■ Extracted data ■
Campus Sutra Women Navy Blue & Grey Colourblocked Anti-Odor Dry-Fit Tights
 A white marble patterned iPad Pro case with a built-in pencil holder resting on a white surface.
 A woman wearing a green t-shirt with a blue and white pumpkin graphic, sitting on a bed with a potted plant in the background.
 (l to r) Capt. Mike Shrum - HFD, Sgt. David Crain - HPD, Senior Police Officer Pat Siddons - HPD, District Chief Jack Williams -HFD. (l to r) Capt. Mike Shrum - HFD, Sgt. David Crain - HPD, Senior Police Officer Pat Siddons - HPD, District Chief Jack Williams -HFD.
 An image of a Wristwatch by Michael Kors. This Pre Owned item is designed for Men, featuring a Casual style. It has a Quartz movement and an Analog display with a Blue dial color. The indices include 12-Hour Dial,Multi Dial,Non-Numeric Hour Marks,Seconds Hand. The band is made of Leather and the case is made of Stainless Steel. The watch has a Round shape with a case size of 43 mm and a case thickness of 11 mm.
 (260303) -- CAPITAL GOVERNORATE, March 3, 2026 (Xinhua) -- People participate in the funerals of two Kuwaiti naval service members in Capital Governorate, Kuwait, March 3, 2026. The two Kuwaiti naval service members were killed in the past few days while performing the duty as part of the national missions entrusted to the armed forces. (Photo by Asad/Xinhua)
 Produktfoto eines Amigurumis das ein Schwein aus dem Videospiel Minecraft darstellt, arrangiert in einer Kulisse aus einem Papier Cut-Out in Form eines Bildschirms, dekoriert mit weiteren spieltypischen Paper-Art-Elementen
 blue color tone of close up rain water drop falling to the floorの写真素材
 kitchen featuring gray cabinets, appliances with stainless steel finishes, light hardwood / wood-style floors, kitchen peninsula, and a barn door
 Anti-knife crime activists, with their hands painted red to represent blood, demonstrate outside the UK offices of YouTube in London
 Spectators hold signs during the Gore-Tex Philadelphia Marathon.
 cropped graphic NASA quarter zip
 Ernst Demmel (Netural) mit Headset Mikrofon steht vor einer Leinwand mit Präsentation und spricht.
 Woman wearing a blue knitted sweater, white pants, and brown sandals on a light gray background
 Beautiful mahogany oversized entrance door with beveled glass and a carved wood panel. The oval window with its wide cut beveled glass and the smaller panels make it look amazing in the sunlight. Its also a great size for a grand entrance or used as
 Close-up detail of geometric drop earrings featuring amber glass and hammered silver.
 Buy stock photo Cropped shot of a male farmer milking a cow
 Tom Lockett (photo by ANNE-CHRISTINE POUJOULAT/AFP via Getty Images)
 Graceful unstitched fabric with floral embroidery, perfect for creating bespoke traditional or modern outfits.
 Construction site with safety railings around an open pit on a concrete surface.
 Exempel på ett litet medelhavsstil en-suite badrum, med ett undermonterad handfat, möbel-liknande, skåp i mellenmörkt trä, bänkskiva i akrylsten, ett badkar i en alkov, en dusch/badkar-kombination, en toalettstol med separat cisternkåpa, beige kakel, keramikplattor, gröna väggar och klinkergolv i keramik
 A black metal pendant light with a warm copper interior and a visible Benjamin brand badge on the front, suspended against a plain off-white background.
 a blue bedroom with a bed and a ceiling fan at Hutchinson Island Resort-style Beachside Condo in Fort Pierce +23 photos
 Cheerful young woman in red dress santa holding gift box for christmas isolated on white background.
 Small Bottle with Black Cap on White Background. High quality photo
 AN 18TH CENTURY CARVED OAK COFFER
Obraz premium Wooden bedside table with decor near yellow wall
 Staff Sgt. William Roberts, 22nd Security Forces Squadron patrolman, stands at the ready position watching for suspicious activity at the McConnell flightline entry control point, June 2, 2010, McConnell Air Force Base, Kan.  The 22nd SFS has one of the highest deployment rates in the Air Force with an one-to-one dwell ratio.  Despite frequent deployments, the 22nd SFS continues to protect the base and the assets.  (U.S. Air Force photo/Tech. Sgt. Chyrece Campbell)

■ Aim of the task ■
Every single record must be transcribed exactly as it stands.

■ Answer to the problem ■
Campus Sutra Women Navy Blue & Grey Colourblocked Anti-Odor Dry-Fit Tights
 A white marble patterned iPad Pro case with a built-in pencil holder resting on a white surface.
 A woman wearing a green t-shirt with a blue and white pumpkin graphic, sitting on a bed with a potted plant in the background.
 (l to r) Capt. Mike Shrum - HFD, Sgt. David Crain - HPD, Senior Police Officer Pat Siddons - HPD, District Chief Jack Williams -HFD. (l to r) Capt. Mike Shrum - HFD, Sgt. David Crain - HPD, Senior Police Officer Pat Siddons - HPD, District Chief Jack Williams -HFD.
 An image of a Wristwatch by Michael Kors. This Pre Owned item is designed for Men, featuring a Casual style. It has a Quartz movement and an Analog display with a Blue dial color. The indices include 12-Hour Dial,Multi Dial,Non-Numeric Hour Marks,Seconds Hand. The band is made of Leather and the case is made of Stainless Steel. The watch has a Round shape with a case size of 43 mm and a case thickness of 11 mm.
 (260303) -- CAPITAL GOVERNORATE, March 3, 2026 (Xinhua) -- People participate in the funerals of two Kuwaiti naval service members in Capital Governorate, Kuwait, March 3, 2026. The two Kuwaiti naval service members were killed in the past few days while performing the duty as part of the national missions entrusted to the armed forces. (Photo by Asad/Xinhua)
 Produktfoto eines Amigurumis das ein Schwein aus dem Videospiel Minecraft darstellt, arrangiert in einer Kulisse aus einem Papier Cut-Out in Form eines Bildschirms, dekoriert mit weiteren spieltypischen Paper-Art-Elementen
 blue color tone of close up rain water drop falling to the floorの写真素材
 kitchen featuring gray cabinets, appliances with stainless steel finishes, light hardwood / wood-style floors, kitchen peninsula, and a barn door
 Anti-knife crime activists, with their hands painted red to represent blood, demonstrate outside the UK offices of YouTube in London
 Spectators hold signs during the Gore-Tex Philadelphia Marathon.
 cropped graphic NASA quarter zip
 Ernst Demmel (Netural) mit Headset Mikrofon steht vor einer Leinwand mit Präsentation und spricht.
 Woman wearing a blue knitted sweater, white pants, and brown sandals on a light gray background
 Beautiful mahogany oversized entrance door with beveled glass and a carved wood panel. The oval window with its wide cut beveled glass and the smaller panels make it look amazing in the sunlight. Its also a great size for a grand entrance or used as
 Close-up detail of geometric drop earrings featuring amber glass and hammered silver.
 Buy stock photo Cropped shot of a male farmer milking a cow
 Tom Lockett (photo by ANNE-CHRISTINE POUJOULAT/AFP via Getty Images)
 Graceful unstitched fabric with floral embroidery, perfect for creating bespoke traditional or modern outfits.
 Construction site with safety railings around an open pit on a concrete surface.
 Exempel på ett litet medelhavsstil en-suite badrum, med ett undermonterad handfat, möbel-liknande, skåp i mellenmörkt trä, bänkskiva i akrylsten, ett badkar i en alkov, en dusch/badkar-kombination, en toalettstol med separat cisternkåpa, beige kakel, keramikplattor, gröna väggar och klinkergolv i keramik
 A black metal pendant light with a warm copper interior and a visible Benjamin brand badge on the front, suspended against a plain off-white background.
 a blue bedroom with a bed and a ceiling fan at Hutchinson Island Resort-style Beachside Condo in Fort Pierce +23 photos
 Cheerful young woman in red dress santa holding gift box for christmas isolated on white background.
 Small Bottle with Black Cap on White Background. High quality photo
 AN 18TH CENTURY CARVED OAK COFFER
Obraz premium Wooden bedside table with decor near yellow wall
 Staff Sgt. William Roberts, 22nd Security Forces Squadron patrolman, stands at the ready position watching for suspicious activity at the McConnell flightline entry control point, June 2, 2010, McConnell Air Force Base, Kan.  The 22nd SFS has one of the highest deployment rates in the Air Force with an one-to-one dwell ratio.  Despite frequent deployments, the 22nd SFS continues to protect the base and the assets.  (U.S. Air Force photo/Tech. Sgt. Chyrece Campbell)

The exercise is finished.